S’il n’en perd pas sa bonne humeur, Claude Jutzi, directeur de Bucherer et président de l’Association des commerçants de la rue de Bourg et de Saint-François, avoue une forme de découragement: «J’aimerais que les chevalets, qui sont une aberration, une négation du luxe, soient interdits. Ce serait possible mais à la condition que tous les commerçants se mettent d’accord, ce que vous pouvez oublier, souligne-t-il. Quant aux dealers, leur nombre diminuerait sans doute si la police se décidait à s’en prendre aussi aux consommateurs, et tant pis si ce sont des banquiers.

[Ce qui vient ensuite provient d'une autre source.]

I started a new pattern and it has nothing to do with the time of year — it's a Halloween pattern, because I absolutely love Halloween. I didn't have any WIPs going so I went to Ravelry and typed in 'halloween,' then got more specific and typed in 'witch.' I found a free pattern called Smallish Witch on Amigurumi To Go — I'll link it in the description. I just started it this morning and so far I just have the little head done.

Mais non, rien ne se passe, on observe, on s’inquiète et on attend: j’ai parfois l’impression que le mot «shopping» est étranger aux autorités lausannoises.»

Une année difficile

Pourtant, du côté de la Municipalité, l’on ne semble pas détourner le regard du problème. «2015 a été une année difficile pour le commerce lausannois dans son ensemble, et 2016 le sera sans doute aussi. Le franc fort pèse lourd, notamment sur la clientèle étrangère, et la vente en ligne, à laquelle certains commerçants ne se sont pas du tout préparés, est désormais une tendance importante, relève Grégoire Junod, municipal en charge du Logement et de la Sécurité publique. La valorisation du centre-ville passe bien entendu par la sécurité mais aussi par une amélioration de la propreté, mais, quand la conjoncture va mal, les autres aspects prennent une importance accrue. C’est la raison pour laquelle nous avons lancé une étude sur le commerce lausannois et que nous voulons continuer à nous réunir, comme nous le faisons régulièrement, non seulement avec les commerçants mais aussi avec les propriétaires, parce qu’il ne me paraît plus possible qu’ils continuent à pratiquer de tels loyers.»

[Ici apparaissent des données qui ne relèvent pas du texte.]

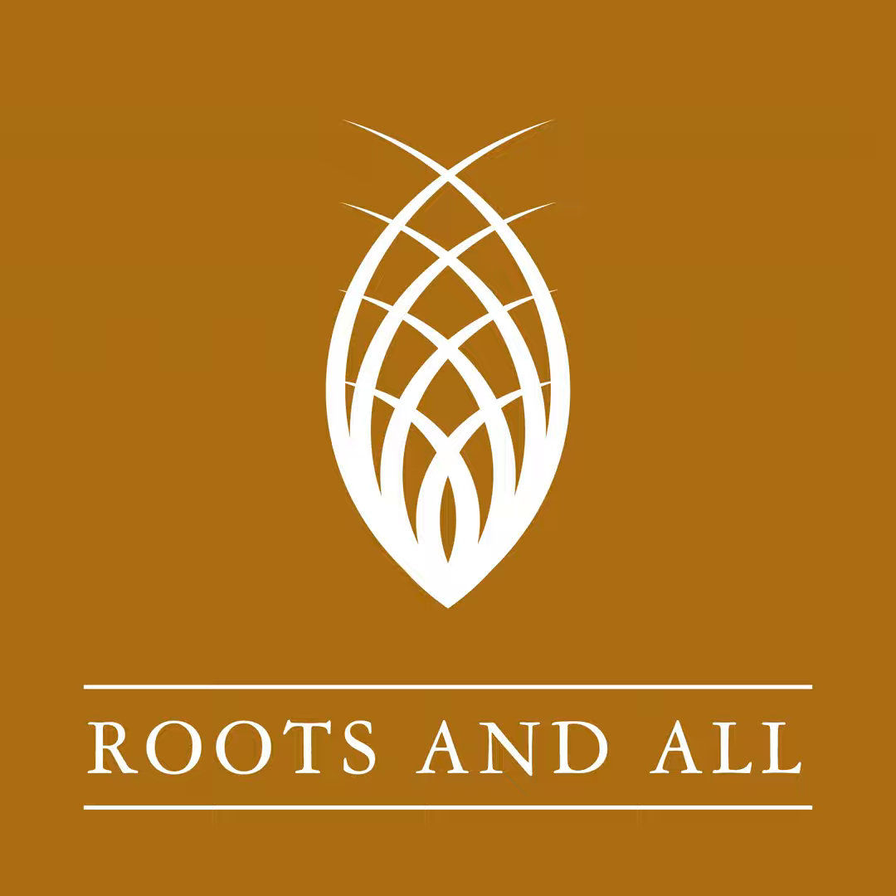Hello and welcome to this episode of the Roots and All podcast. This week I'm honoured to be joined by the Queen of Containers, Harriet Rycroft. Harriet worked for many years at Whichford Pottery in Warwickshire, where she became renowned for producing season after season of the most spectacular planting and colour combinations. Since leaving Whichford, Harriet has continued to give talks on planting and she also currently works at the Cotswold Wildlife Park.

Une baisse moyenne de 5% à 20% du chiffre d’affaires en 2015 et des loyers pouvant atteindre 2000 francs le mètre carré par année n’augurent en effet rien de bon pour le cœur de Lausanne. «La situation est effectivement préoccupante et nous sommes en discussion permanente avec la Municipalité en matière de propreté, de sécurité et j’en passe, confie Helena Druey, secrétaire générale de la Fondation City Management. Cela dit, tout n’est pas entre les mains des pouvoirs publics: je peux ainsi vous assurer que le vieux kiosque de Saint-François va bientôt disparaître, mais pas les chevalets, dont je déplore pourtant l’utilisation: il faudrait l’accord de tout le monde et c’est impossible. Vous savez, les commerçants sont une catégorie socioprofessionnelle très difficile à fédérer et donc à défendre.»

Créé: 22.02.2016, 08h30

Quel commerce demain?

«L’étude sur le commerce lausannois que nous avons initiée et qui est actuellement en cours s’inscrit dans la droite ligne du travail du City Management, précise Denis Décosterd, chef du Service de développement de la Ville et de la communication. Nous manquons en effet de données précises sur la nature du commerce de la capitale, et c’est la première préoccupation de l’étude. Nous nous concentrons également sur certains thèmes spécifiques, comme la diversité commerciale, la nature des baux et des locaux. Nous poursuivons avec une analyse du commerce dans les quartiers, à l’exemple de celui de Grancy, qui est particulièrement satisfaisant. Le quatrième volet est consacré à l’étude des petits commerces indépendants de la ville: qui sont-ils, comment vivent-ils Enfin, nous nous penchons sur le commerce de demain et sur les changements qui seront induits par les grands travaux, tels que le Pôle muséal, la nouvelle gare ou la création du tram. Dans ce but, conclut Denis Décosterd, nous avons créé des groupes de travail qui fonctionnent en concertation étroite avec les commerçants.» Les conclusions de l’étude devraient être connues avant la fin de l’année.